Ireland’s Debt Floods The Global Economy

Economies around the world suffered losses to shares as a direct result of the Irish Republic’s debt crisis.

The weekend saw the troubled economy ask for a European Union-led bail-out after many months of refusal and apparent self-help methods. The amount required to lift such an ill economy out of complete financial crisis could total $122 billion (or 90 billion Euros) bringing its total deficit to a target of just 3%.

Banks in Ireland struggled with shares in Bank of Ireland slumping 24% while those in Allied Irish Bank fell by 16%.

Looking to share status’s around the world, the losses are evident. The UK’s FTSE 100 index was down 0.4%, while France’s Cac had lost 0.5%. Asian shares had earlier ended sharply lower, with Chinese stocks losing 2.4%.

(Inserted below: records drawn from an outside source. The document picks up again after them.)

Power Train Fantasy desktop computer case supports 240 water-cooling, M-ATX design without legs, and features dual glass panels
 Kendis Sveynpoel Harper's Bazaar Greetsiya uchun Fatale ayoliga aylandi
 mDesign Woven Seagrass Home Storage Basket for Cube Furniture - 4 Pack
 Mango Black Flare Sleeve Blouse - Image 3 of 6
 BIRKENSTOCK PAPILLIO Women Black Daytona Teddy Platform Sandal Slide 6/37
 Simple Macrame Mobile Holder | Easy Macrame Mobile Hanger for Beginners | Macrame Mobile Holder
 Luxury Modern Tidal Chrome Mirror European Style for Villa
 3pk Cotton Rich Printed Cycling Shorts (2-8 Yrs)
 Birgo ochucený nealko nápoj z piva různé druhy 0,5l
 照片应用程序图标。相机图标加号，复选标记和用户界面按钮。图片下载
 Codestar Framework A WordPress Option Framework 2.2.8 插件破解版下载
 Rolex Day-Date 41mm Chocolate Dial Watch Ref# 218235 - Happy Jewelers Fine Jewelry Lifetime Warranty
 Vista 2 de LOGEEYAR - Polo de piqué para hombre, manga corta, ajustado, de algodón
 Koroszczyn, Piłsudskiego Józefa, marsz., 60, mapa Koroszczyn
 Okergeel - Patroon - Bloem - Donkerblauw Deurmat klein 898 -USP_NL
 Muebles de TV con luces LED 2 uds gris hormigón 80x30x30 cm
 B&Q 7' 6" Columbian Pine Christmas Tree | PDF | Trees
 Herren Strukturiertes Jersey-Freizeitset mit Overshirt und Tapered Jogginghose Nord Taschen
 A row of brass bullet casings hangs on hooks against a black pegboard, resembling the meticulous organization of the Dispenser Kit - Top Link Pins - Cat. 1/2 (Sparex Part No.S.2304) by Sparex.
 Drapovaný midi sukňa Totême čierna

In what is now seen as a likely event, the European Union is now bracing itself for an influx of other bail-out requests from a handful of troubled countries such as Spain and Portugal.

Vincent Chaigneau at Societe Generale comments,

“The market reaction to the rescue package was fairly positive, but the mood did not last.” He added, “Overall, the reaction to the rescue package was not quite what policy makers had hoped for. The rescue is seen as a salve but does little to fix the structural problems.”